Given the detrimental effects erroneous measurements of the TOMM40 transcript levels may cause in AD research, this study is both timely and important. However, in its current form the manuscript has a number of weaknesses that need to be addressed:

• Throughout the manuscript the authors write about “TOMM40 RNA expression” or “TOMM40 expression” when really TOMM40 transcription is implied. It would benefit the clarity of the manuscript to employ a more strict usage of scientific terms and exchange most uses of the term “expression” with the more precise term “transcription”, including the title of the study.
• As the detection of TOMM40 transcripts and of it’s pseudogenes is a central part of this study, the list of primers that were used for the different detection attempts is a crucial part of the manuscript. Therefore, the primer list in Table S1 should be made part of the main manuscript. Moreover, the primers themselves should be listed in a non-proportional font (e.g. Courier) so that the primer sequences can be aligned for easy comparison.
• Similarly, the graphs in Figure S3 are of great interest and should be included in Figure 4 of the main manuscript. Since no statistical comparison is provided, it is not clear if the differences in Figure S3 are statistically significant or not. Such an analysis should be included.
• In contrast, the data in Figure 6 are not well integrated with the rest of the manuscript as they only analyzed human cell lines. Moreover, they do not provide insights that are central to the focus of the study. Therefore, these data could be relegated to the supplemental section or outright removed.

 

Author Response

Response to Reviewer 3 Comments

 

 

1. Throughout the manuscript the authors write about “TOMM40 RNA expression” or “TOMM40 expression” when really TOMM40 transcriptionis implied. It would benefit the clarity of the manuscript to employ a more strict usage of scientific terms and exchange most uses of the term “expression” with the more precise term “transcription”, including the title of the study.

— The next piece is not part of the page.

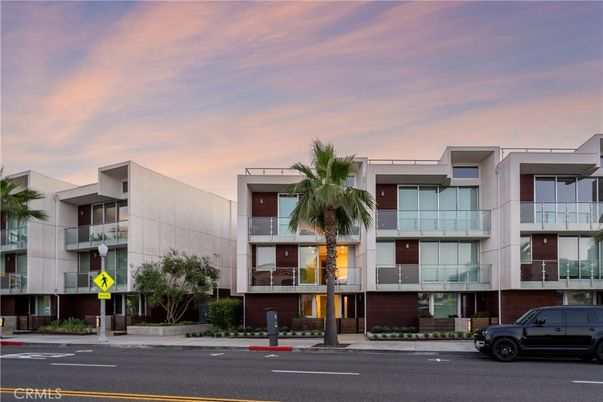 Exterior, Facade, Modern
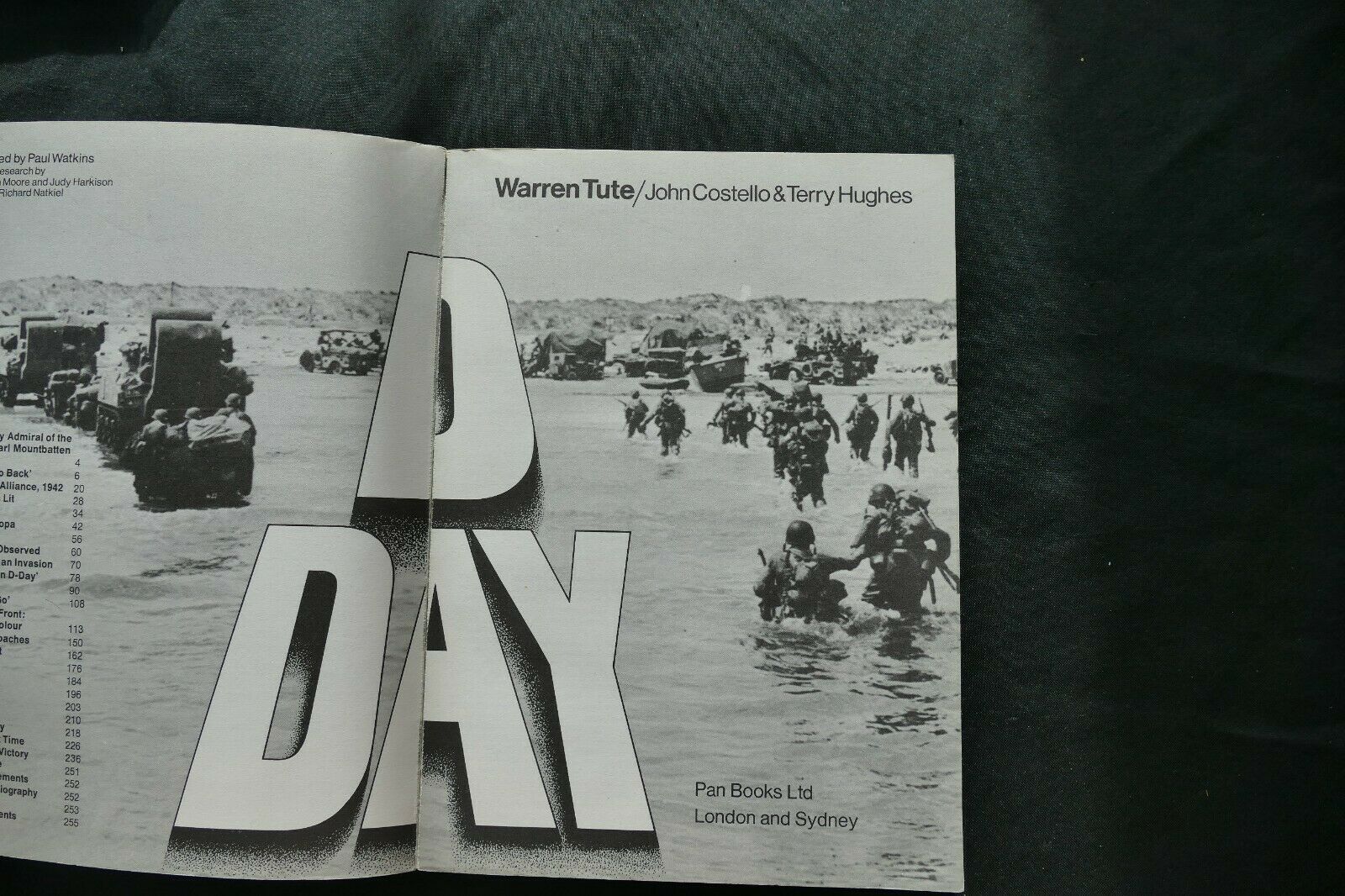 BOOK - D-DAY - Warren Tute, Costello & Hughes - (8722)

Response: We have changed “TOMM40 RNA expression” to “TOMM40 transcription level” throughout the manuscript.

2. As the detection of TOMM40 transcripts and of it’s pseudogenes is a central part of this study, the list of primers that were used for the different detection attempts is a crucial part of the manuscript. Therefore, the primer list in Table S1 should be made part of the main manuscript. Moreover, the primers themselves should be listed in a non-proportional font (e.g. Courier) so that the primer sequences can be aligned for easy comparison.

Response:  We have changed the font of Table S1 as suggested by the Reviewer; however, we did not move the Table S1 into the main manuscript for the following two reasons: 1) This is a large table that contains a lot of information with small font size. If moved into the main manuscript, it must comply with the font size requirement and will generate multiple line breaks making it hard to read. 2) Majority of the readers may not have an interest of checking into these primer sequences; therefore, keeping the main manuscript concise should be beneficial to most readers.

3. Similarly, the graphs in Figure S3 are of great interest and should be included in Figure 4 of the main manuscript. Since no statistical comparison is provided, it is not clear if the differences in Figure S3 are statistically significant or not. Such an analysis should be included.

Response: We have merged Figure S3 with Figure 4 to generate a new Figure 4 and new legend  (Page 11, lines 410-418).

4. In contrast, the data in Figure 6 are not well integrated with the rest of the manuscript as they only analyzed human cell lines. Moreover, they do not provide insights that are central to the focus of the study. Therefore, these data could be relegated to the supplemental section or outright removed.

Response: We appreciate this Reviewer’s suggestion, but we feel strongly that Figure 6 should be kept in the main manuscript for the following reason. Outside of genetic associations, this figure provides an important implication of the overall results to a potential phenotype of mitochondrial function, which will be of great interest for the readers.